Kementerian BUMN sedang berusaha menjadikan Belawan sebagai pelabuhan ekspor yang melayani direct call (pelayaran langsung). Direct call kapal peti kemas dari Indonesia ke Los Angeles, hanya perlu 23 hari. Sebaliknya, dengan transhipment, rute yang sama perlu waktu 31 hari, plus tambahan ongkos 20 hingga 30 persen lebih mahal. Menurut Erick, pengembangan Pelabuhan Belawan bisa dimulai dengan mendatangkan kapal-kapal kontainer berukuran besar. Ini dapat dilakukan seiring dengan meningkatkan kapasitas dan peralatan bongkar muat agar memadai untuk pengangkutan direct call. Selain itu, volume muatan peti kemas juga harus dinaikkan. Caranya, dengan menjadikan Belawan sebagai gateway bagi pelabuhan-pelabuhan kecil di sekitarnya.

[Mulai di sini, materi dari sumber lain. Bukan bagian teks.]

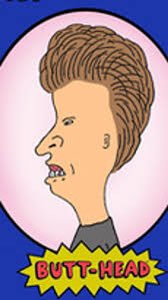 I’m sorry <a href="/AaronGatewoodx/">Aaron Gatewood</a> I saw it and I can’t unsee it 😭😭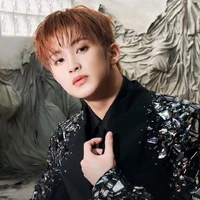 Mark Lee Agraha (king)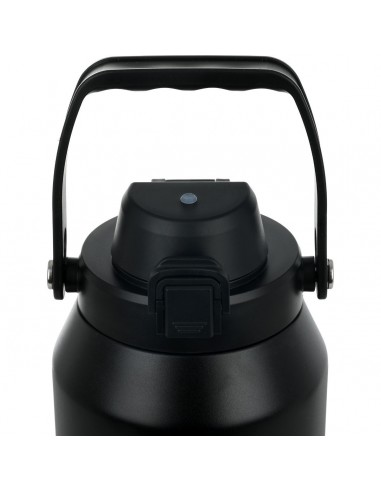 Θερμός Lift Bottle Save The Aegean 1.8lt VOID...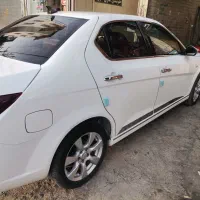 دنا اتومات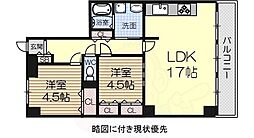 アピアランス平岡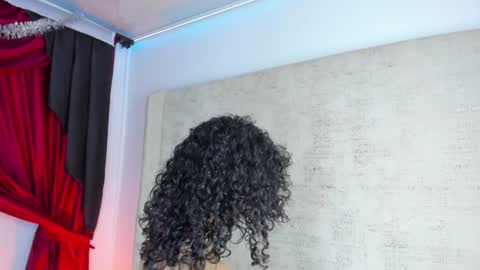 jessi 3 online show from 12.20.24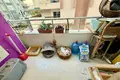 4 bedroom apartment 180 m² Mezitli, Turkey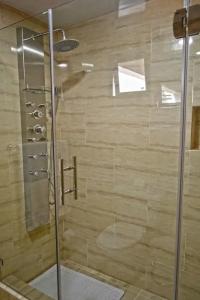 Plaza Florida Suites - 23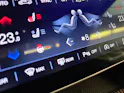 Maserati Grecale 2.0 MHEV Modena Automatica | CH | Garantie Mai 27 | Leder Rosso | Carbon | HeadUp | 21" | 360 Kamera |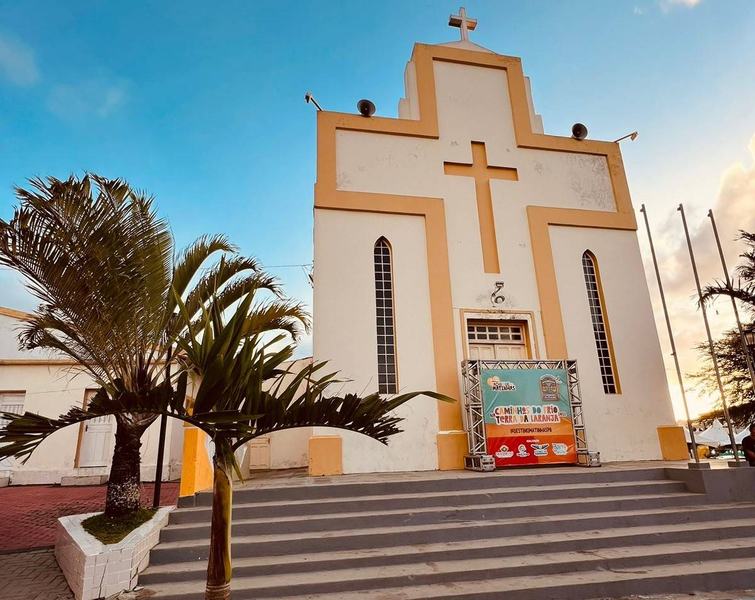 igreja-da-cidade-de-matinhas-pb.jpeg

Data Badan Pusat Statistik (BPS) mencatat ekspor dari Sumatera Utara sejauh ini tersebar ke lebih dari 30 negara. Berdasarkan tonase, pada 2021, ekspor dari daerah ini paling banyak ditujukan ke Cina (16 persen), India (6,7 persen), Jepang (6,2 persen), dan Amerika Serikat (4 persen). Porsi Malaysia dan Singapura sebagai negara tujuan akhir ekspor dari Sumatera Utara sangatlah kecil, yakni kurang dari 2 persen. Menurut Erick, ekspor barang yang transit ke negara lain, sangat merugikan perekonomian dalam negeri membuat ekspor Indonesia kurang kompetitif karena harus menanggung biaya logistik yang mahal serta makan waktu. Selain itu transhipment ini membuat Indonesia kehilangan lebih banyak devisa. Data Bank Indonesia mencatat, dari US$6,286 miliar defisit neraca jasa transportasi Indonesia pada 2021, sebesar US$6,232 miliar atau 99 persen disumbangkan oleh defisit pada biaya pengangkutan barang (sea freight).